CVS2SVN

Intro

Here I'll describe how we transformed our ScummVM CVS to SVN. It may be helpful for other big projects facing the same challenge.

Of course, SF.net has this nice "import CVS repository", but that one runs an automatic cvs2svn script and we wanted more:

Restore connections between moved files
That includes the merge of scummvm-old and scummvm modules. scummvm module was created when we performed a major project directory tree restructuring
Keep subtree with tags and branches for each of our subprojects

Overall idea

Generally, the connection between moved files in SVN could be restored as shown in the following chunk of a real ScummVM repository dump:

 Revision-number: 89
 ...
 Node-path: trunk/scummvm-old/wince/missing/dirent.h
 Node-kind: file
 Node-action: add
 +Node-copyfrom-rev: 53
 +Node-copyfrom-path: trunk/scummvm-old/PocketSCUMM/missing/dirent.h
 ...
 Revision-number: 93
 Node-path: trunk/scummvm-old/PocketSCUMM/PocketSCUMM.vco
 Node-action: delete
 Node-path: trunk/scummvm-old/PocketSCUMM/missing/dirent.h
 Node-action: delete

Note lines marked by '+'. Those were added.
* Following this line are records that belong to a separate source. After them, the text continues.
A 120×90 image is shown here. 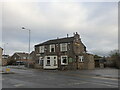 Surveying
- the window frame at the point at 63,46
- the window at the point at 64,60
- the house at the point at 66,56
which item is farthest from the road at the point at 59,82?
the window frame at the point at 63,46

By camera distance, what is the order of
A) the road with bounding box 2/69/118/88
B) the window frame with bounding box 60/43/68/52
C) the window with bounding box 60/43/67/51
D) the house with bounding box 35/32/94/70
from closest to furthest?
the road with bounding box 2/69/118/88, the house with bounding box 35/32/94/70, the window frame with bounding box 60/43/68/52, the window with bounding box 60/43/67/51

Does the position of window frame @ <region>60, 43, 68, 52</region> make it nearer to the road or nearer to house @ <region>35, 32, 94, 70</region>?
house @ <region>35, 32, 94, 70</region>

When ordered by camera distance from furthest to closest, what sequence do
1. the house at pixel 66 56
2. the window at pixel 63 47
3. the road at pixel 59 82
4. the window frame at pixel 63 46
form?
the window at pixel 63 47 → the window frame at pixel 63 46 → the house at pixel 66 56 → the road at pixel 59 82

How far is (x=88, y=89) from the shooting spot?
11.0 m

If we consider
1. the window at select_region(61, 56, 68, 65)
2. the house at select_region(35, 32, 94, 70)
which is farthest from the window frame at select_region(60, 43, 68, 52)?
the window at select_region(61, 56, 68, 65)

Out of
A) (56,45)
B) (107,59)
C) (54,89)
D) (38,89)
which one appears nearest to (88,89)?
(54,89)

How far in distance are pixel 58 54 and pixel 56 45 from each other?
2.20m

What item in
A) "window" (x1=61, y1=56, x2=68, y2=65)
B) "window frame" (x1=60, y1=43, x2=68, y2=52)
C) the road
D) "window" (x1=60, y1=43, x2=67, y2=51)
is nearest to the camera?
the road

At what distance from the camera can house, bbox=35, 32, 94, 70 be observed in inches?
1460

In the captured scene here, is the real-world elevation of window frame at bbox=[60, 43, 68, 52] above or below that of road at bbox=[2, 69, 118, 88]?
above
This successfully restores the SVN history link. 53 is the last revision number where dirent.h file was altered.

The process

To successfully fullfill the task I wrote several simple scripts. I had to do it in scripts, not manually, because restoration of connections is pretty long process, and I wanted to minimize the repository freeze time. So I first modified the dump file locally, and later reapplied my changes to the fresh dump. Those scripts are intentionally kept simple and no error checking is performed.

The whole dump takes over 1.4GB, so there is no way to edit the file directly. Hence I came up with the simple idea of extracting just those Revision numbers and Node-paths, so they could be later replaced in the original dump.

automation-pass1.pl

 wget http://.../scummvm-cvsroot.tar.bz2
 rm -rf scummvm scummvm.cvs
 tar xjf scummvm-cvsroot.tar.bz2
 mv scummvm scummvm.cvs
 mkdir scummvm
 
 # We need to combine scummvm-old and scummvm modules
 mv scummvm.cvs/scummvm scummvm.cvs/scummvm-old scummvm
 
 # Due to bug in our CVS repository branch-0-5-0 is both tag and branch, so
 # we have to force it here
 cvs2svn --dump-only --force-branch=branch-0-5-0 --dumpfile scummvm.dump scummvm
 grep -E "^Node-|^Revision-number" scummvm.dump > scummvm.dump.nodes.in
 
 cvs2svn --dump-only --dumpfile tools.dump scummvm.cvs/tools
 grep -E "^Node-|^Revision-number" tools.dump > tools.dump.nodes.in
 
 # No efforts were performed with restoring links in following modules
 cvs2svn --dump-only --dumpfile web.dump scummvm.cvs/web
 cvs2svn --dump-only --dumpfile scummex.dump scummvm.cvs/scummex
 cvs2svn --dump-only --dumpfile residual.dump scummvm.cvs/residual
 cvs2svn --dump-only --dumpfile docs.dump scummvm.cvs/docs
 cvs2svn --dump-only --dumpfile engine-data.dump scummvm.cvs/engine-data
 
 # I performed all work offsite, so I had to transfer these dumps over slow dial-up line
 bzip2 -9 scummvm.dump.nodes.in tools.dump.nodes.in

This stage took about 1.5 hours. Bottleneck is the disk subsystem. The overall size of produced data is over 1.4GB.

Manual editing

Now I opened the dump.nodes.in files in XEmacs and started to add those links. First, I searched it for the word 'delete' and studied each case. I had to consult files layout and CVS log messages to see either those files were simply killed or really moved or renamed. Due to the fact that some files were really renamed, and there are name clashes between files in directories, it was not possible to fully automate the task, however a big chunk of it could be scripted.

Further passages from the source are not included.